#### WHAT IS BEING ASKED:
What is needed is an exact copy of every entry below, with the pictures left out.

*** Block opens ***

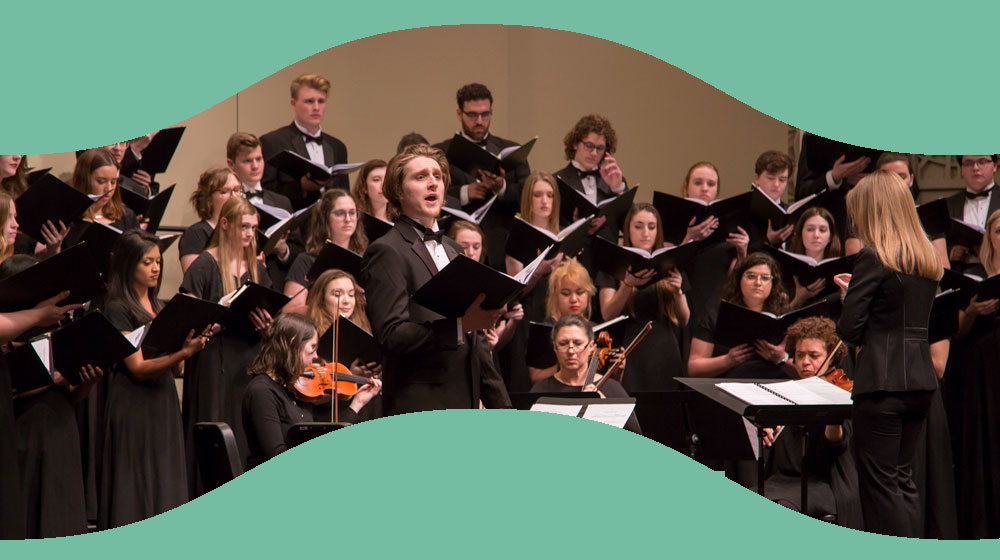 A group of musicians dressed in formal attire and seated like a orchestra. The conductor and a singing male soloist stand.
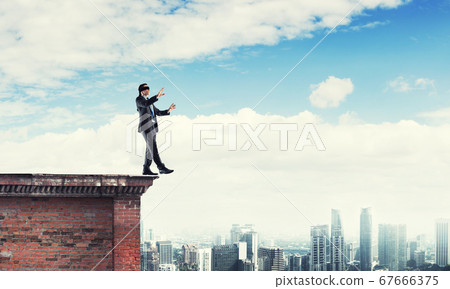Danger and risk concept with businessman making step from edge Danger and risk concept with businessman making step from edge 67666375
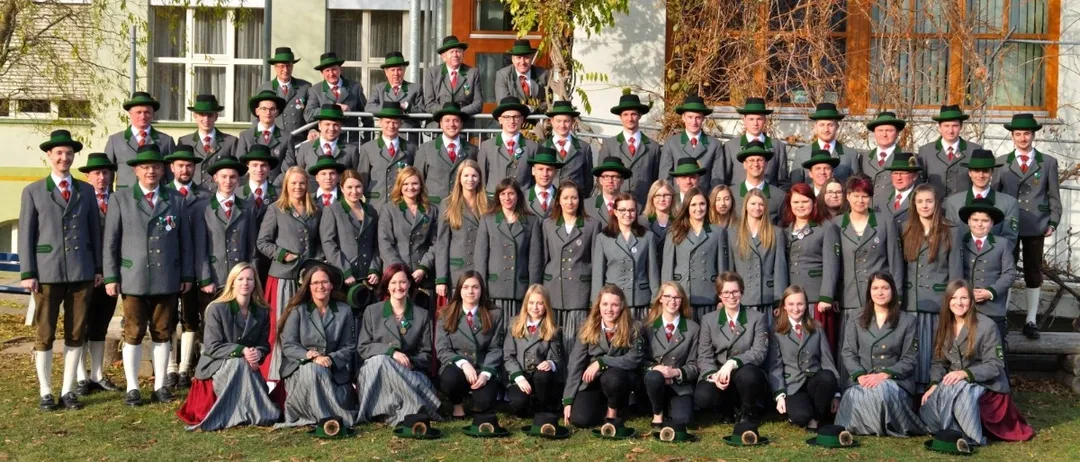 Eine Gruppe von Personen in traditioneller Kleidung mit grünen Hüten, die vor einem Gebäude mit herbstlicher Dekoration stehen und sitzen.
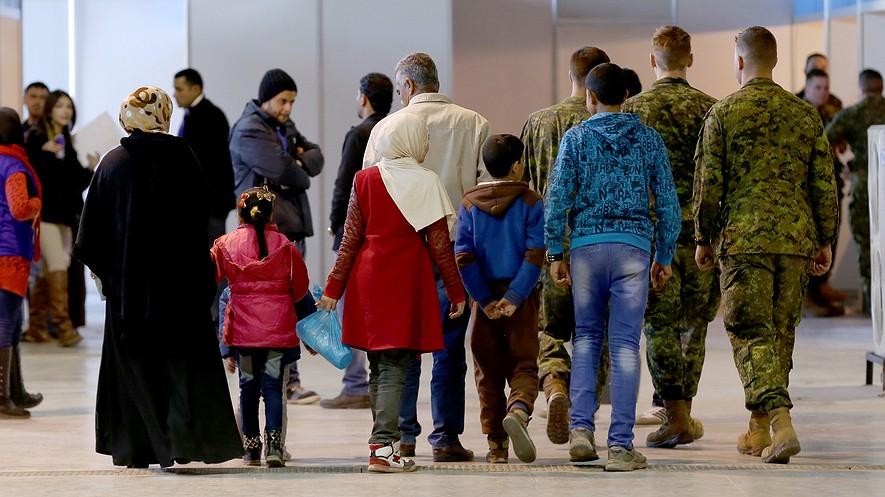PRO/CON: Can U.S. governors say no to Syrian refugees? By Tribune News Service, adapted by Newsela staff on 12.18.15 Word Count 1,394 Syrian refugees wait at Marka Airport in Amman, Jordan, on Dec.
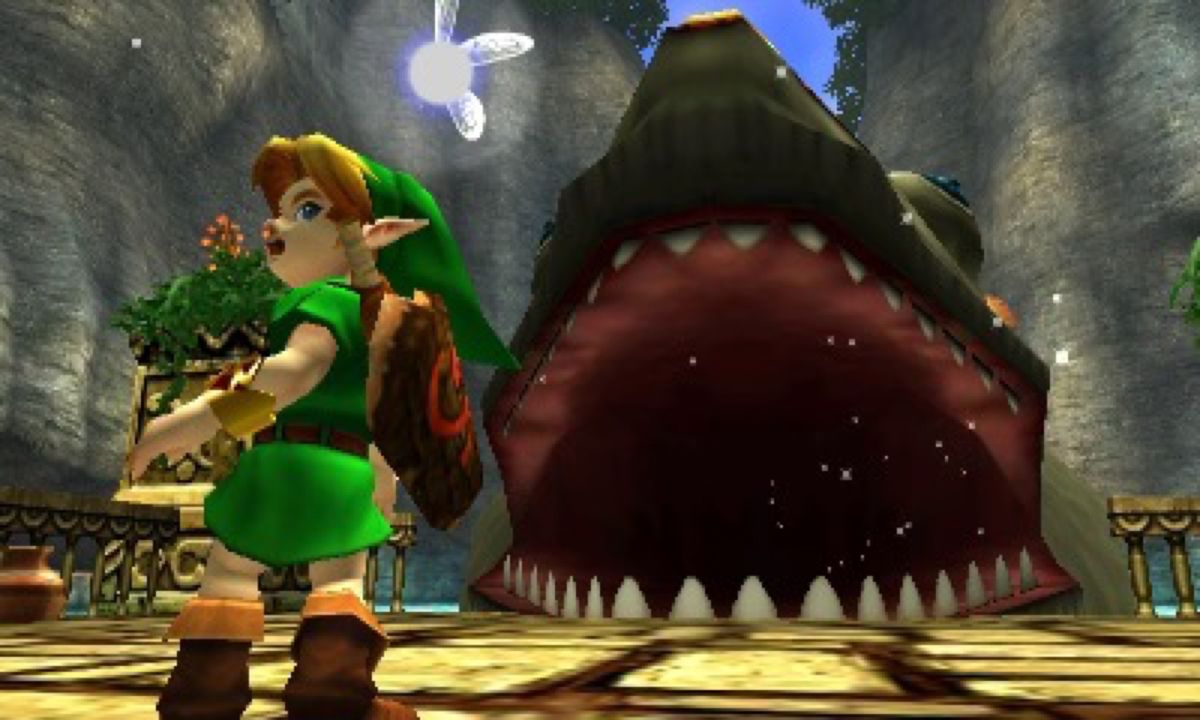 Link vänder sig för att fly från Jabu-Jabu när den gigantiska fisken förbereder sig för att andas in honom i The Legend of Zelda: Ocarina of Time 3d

*** Block closes ***

#### SOLUTION:
 A group of musicians dressed in formal attire and seated like a orchestra. The conductor and a singing male soloist stand.
Danger and risk concept with businessman making step from edge Danger and risk concept with businessman making step from edge 67666375
 Eine Gruppe von Personen in traditioneller Kleidung mit grünen Hüten, die vor einem Gebäude mit herbstlicher Dekoration stehen und sitzen.
PRO/CON: Can U.S. governors say no to Syrian refugees? By Tribune News Service, adapted by Newsela staff on 12.18.15 Word Count 1,394 Syrian refugees wait at Marka Airport in Amman, Jordan, on Dec.
 Link vänder sig för att fly från Jabu-Jabu när den gigantiska fisken förbereder sig för att andas in honom i The Legend of Zelda: Ocarina of Time 3d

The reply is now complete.